While I am entirely upset that there were no Door Decs to explore and enhance the Homecoming week at RB I am more confused as to why they do not exist. I can understand that administration wants to use the Advisory period as an academic study hall. That’s fine. But now we have this brilliant idea of Bruin Block that isn’t honestly being utilized in any sense of the word.
Why take away Door Decs and replace with a fashion show that has been under-attended and avoided by upperclassmen? It seems to me that the Bruin Block’s have been shunned to a corner observed only by the nine queen candidates who are fulfilling their duties by being there.
I don’t know what history there is behind a fashion show but it is lacking in all areas of what Door Decs purposes was.

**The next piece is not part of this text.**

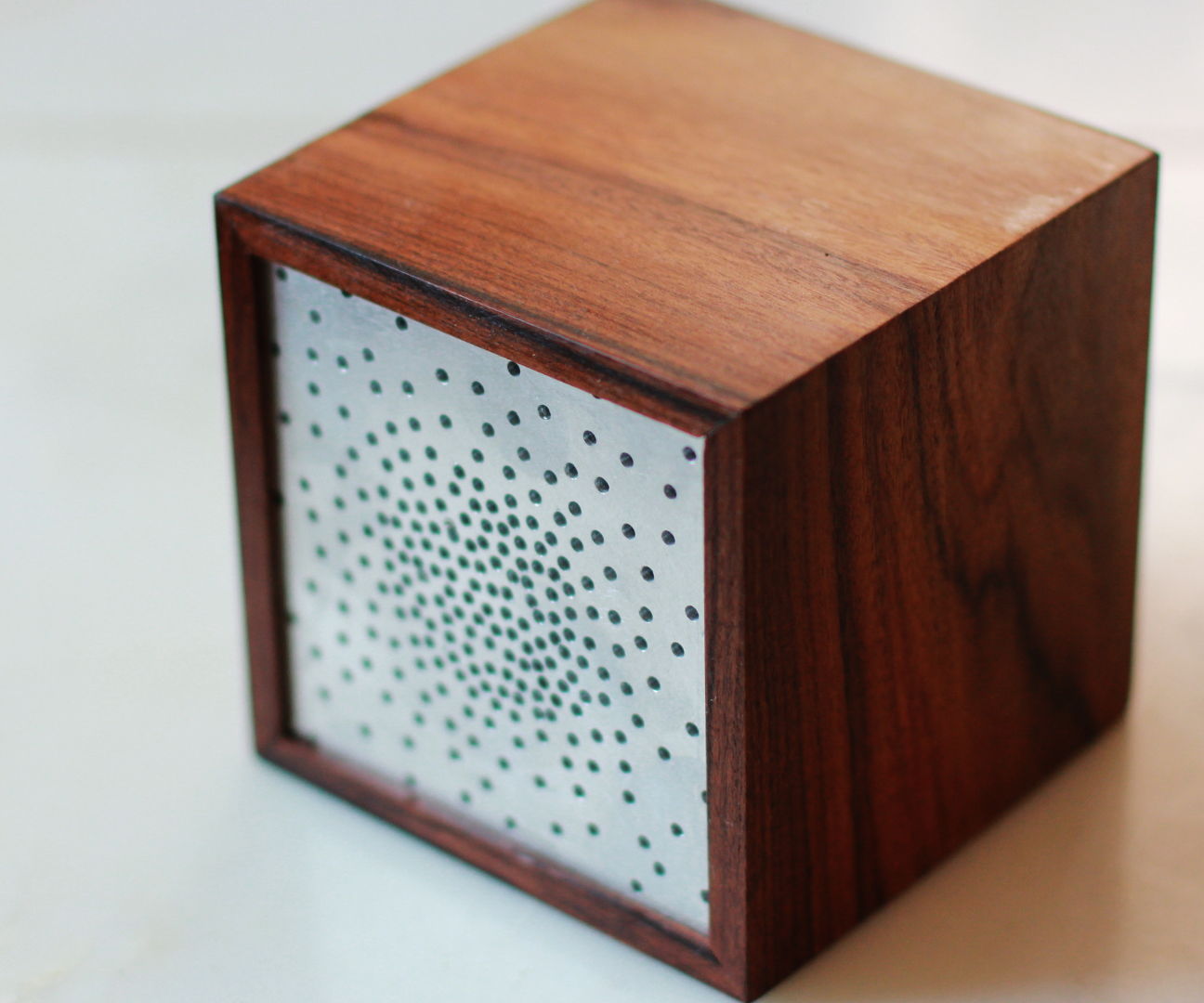 Wireless Retro Cube Speaker W/ Rosewood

It is my hope that those in charge of Advisory, Bruin Block and homecoming activities will realize the benefits of Door Decs. Not only the enhancement that it brought to the week in full but more importantly the community that it supplemented. If we as a school are attempting to create a place where a broad range of ages and an even broader range of personalities are effectively functioning then we can not pass up on these opportunities to bring together this school. Door Decs had accomplished this for RBHS for years just as House Decs has brought together our community on campus to honor Mizzou’s past traditions. And in a week that is to celebrate both our history and our future I find it necessary to be united in the present.